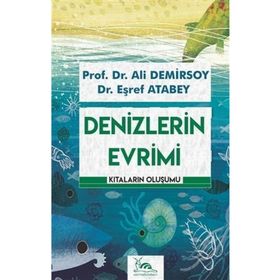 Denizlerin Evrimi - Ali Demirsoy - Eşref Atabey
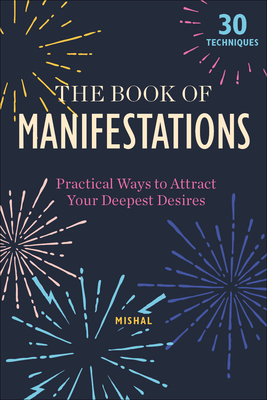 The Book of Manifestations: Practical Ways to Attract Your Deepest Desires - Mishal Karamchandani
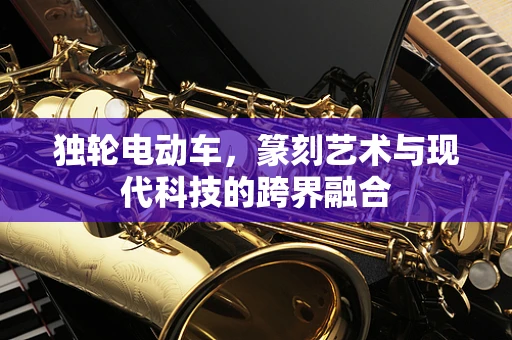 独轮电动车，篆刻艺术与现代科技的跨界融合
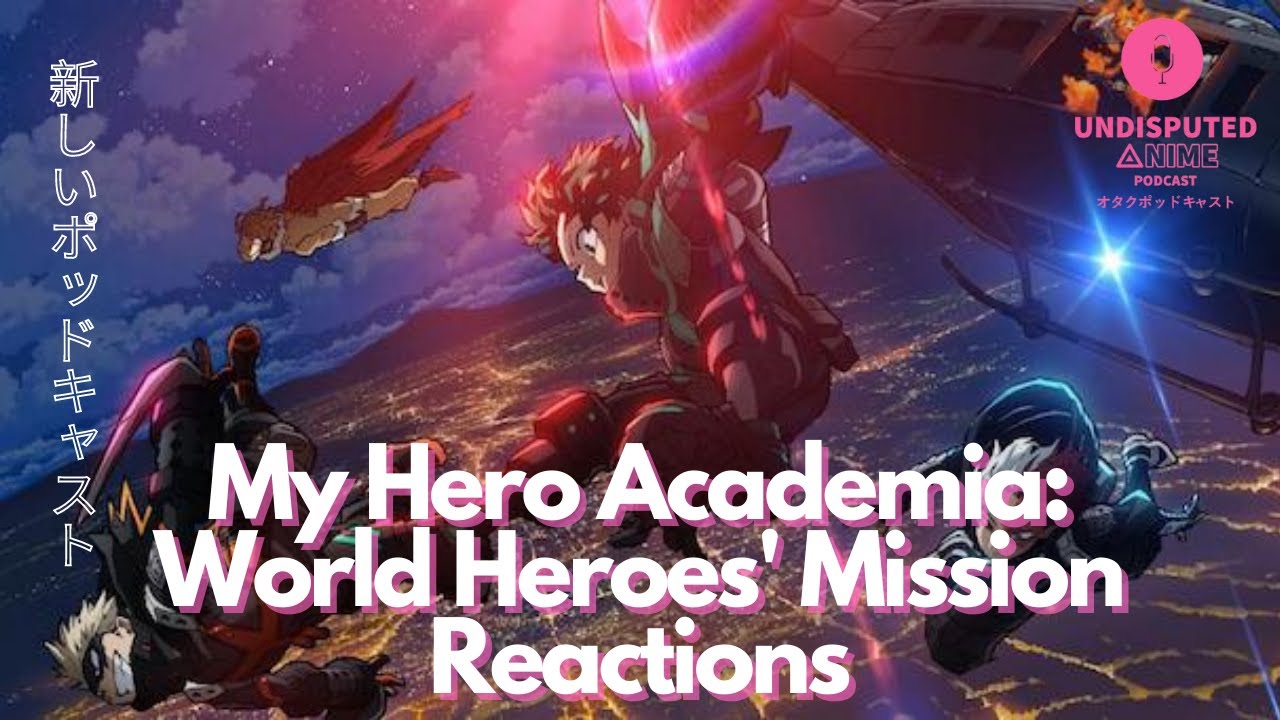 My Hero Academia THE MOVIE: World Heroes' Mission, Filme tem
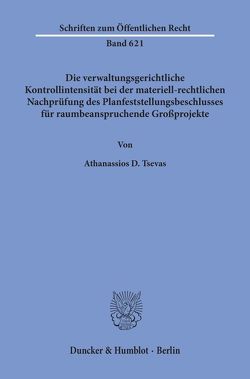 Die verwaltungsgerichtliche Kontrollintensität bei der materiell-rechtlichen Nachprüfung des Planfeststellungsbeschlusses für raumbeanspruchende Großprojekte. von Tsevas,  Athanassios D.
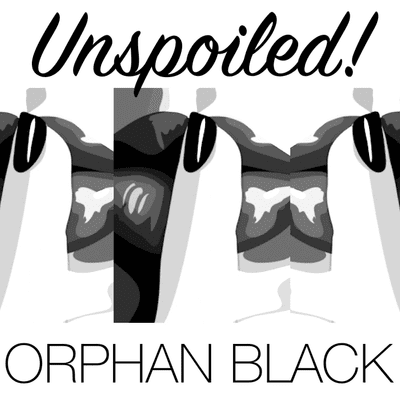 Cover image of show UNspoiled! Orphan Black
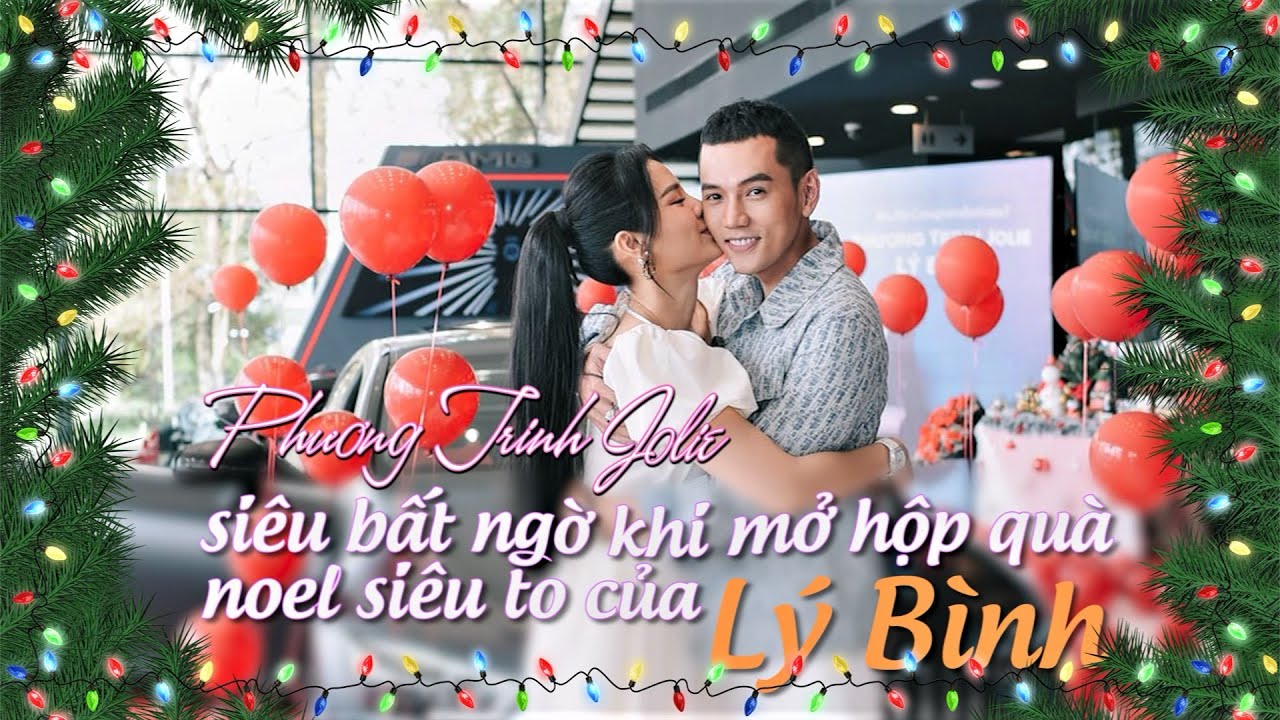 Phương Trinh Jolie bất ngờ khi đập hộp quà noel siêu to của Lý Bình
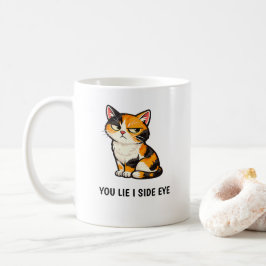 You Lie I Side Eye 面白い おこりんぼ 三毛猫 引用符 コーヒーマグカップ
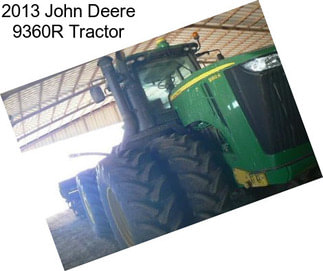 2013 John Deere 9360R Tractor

* * * *

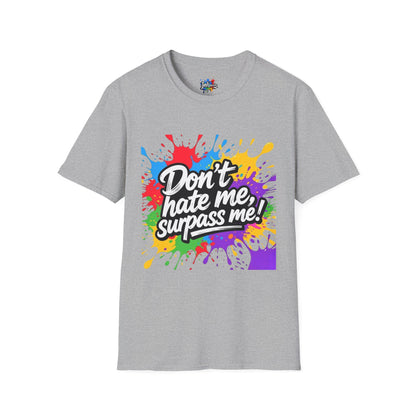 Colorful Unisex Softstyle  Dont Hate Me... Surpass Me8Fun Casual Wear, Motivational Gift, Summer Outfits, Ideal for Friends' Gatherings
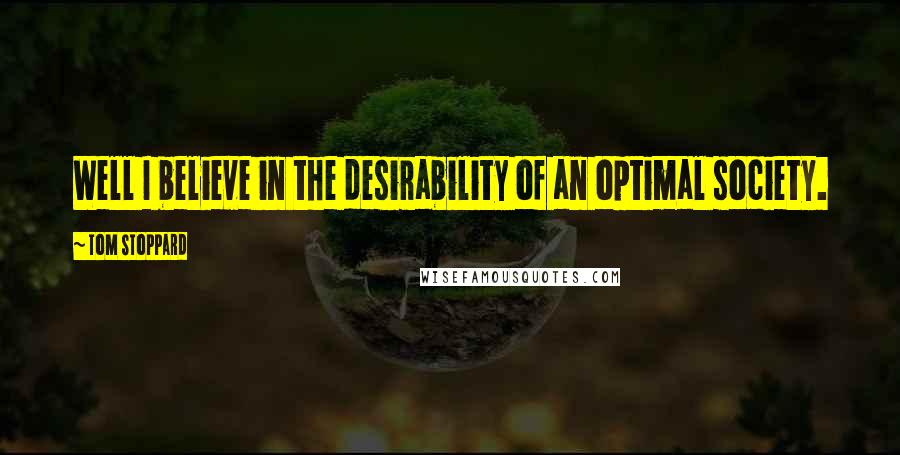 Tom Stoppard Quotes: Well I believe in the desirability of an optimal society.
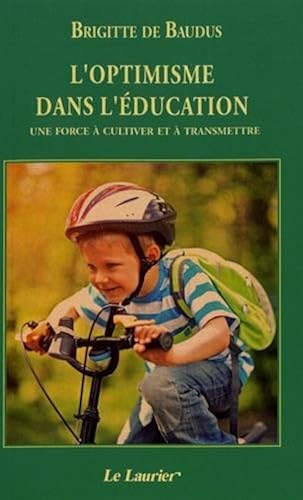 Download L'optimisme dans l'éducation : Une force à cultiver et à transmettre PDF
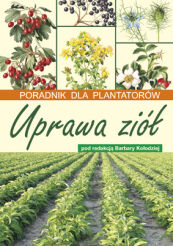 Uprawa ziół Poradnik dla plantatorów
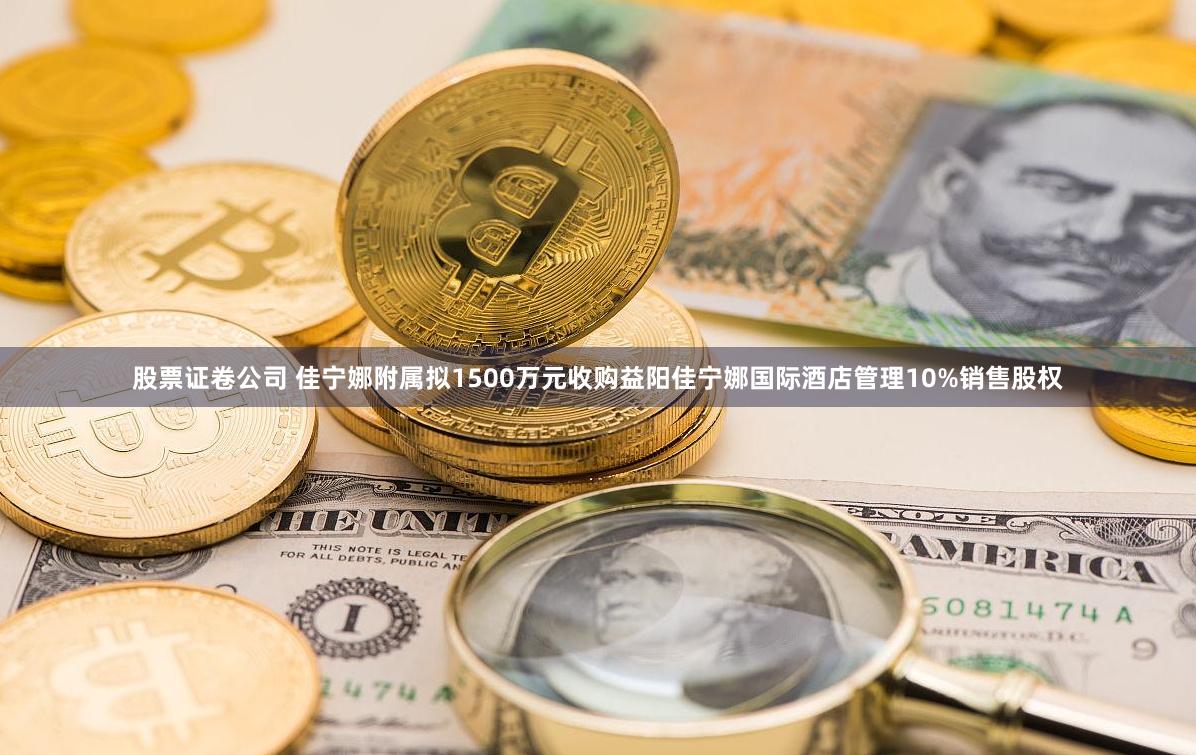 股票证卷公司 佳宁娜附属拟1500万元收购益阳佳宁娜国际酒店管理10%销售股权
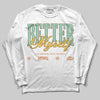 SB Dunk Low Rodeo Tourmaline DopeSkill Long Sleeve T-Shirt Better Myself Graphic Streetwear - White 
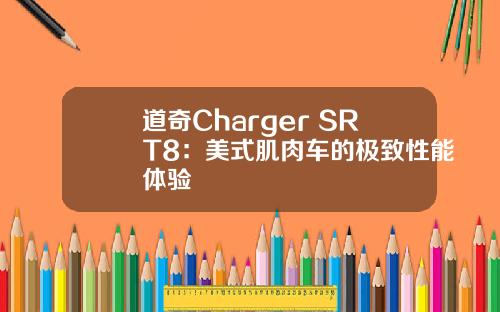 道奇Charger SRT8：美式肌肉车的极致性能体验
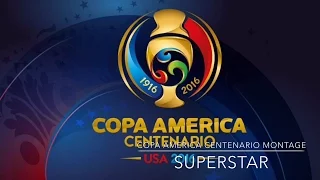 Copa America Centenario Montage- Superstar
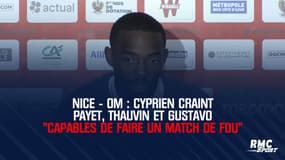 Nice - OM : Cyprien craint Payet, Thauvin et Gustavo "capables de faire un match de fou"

* * * *

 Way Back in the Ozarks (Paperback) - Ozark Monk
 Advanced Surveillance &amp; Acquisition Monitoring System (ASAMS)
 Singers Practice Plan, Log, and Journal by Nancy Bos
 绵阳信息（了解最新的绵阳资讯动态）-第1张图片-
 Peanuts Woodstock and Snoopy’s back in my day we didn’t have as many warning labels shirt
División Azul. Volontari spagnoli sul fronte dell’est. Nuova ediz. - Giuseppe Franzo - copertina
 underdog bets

* * * *

• What the task asks: What you return must match, character for character, the lines above from the one with "Phương Trinh Jolie" through the one with "2013 John Deere 9360R Tractor", minus any pictures.

• Answer to this task:
 Phương Trinh Jolie bất ngờ khi đập hộp quà noel siêu to của Lý Bình
 You Lie I Side Eye 面白い おこりんぼ 三毛猫 引用符 コーヒーマグカップ
 2013 John Deere 9360R Tractor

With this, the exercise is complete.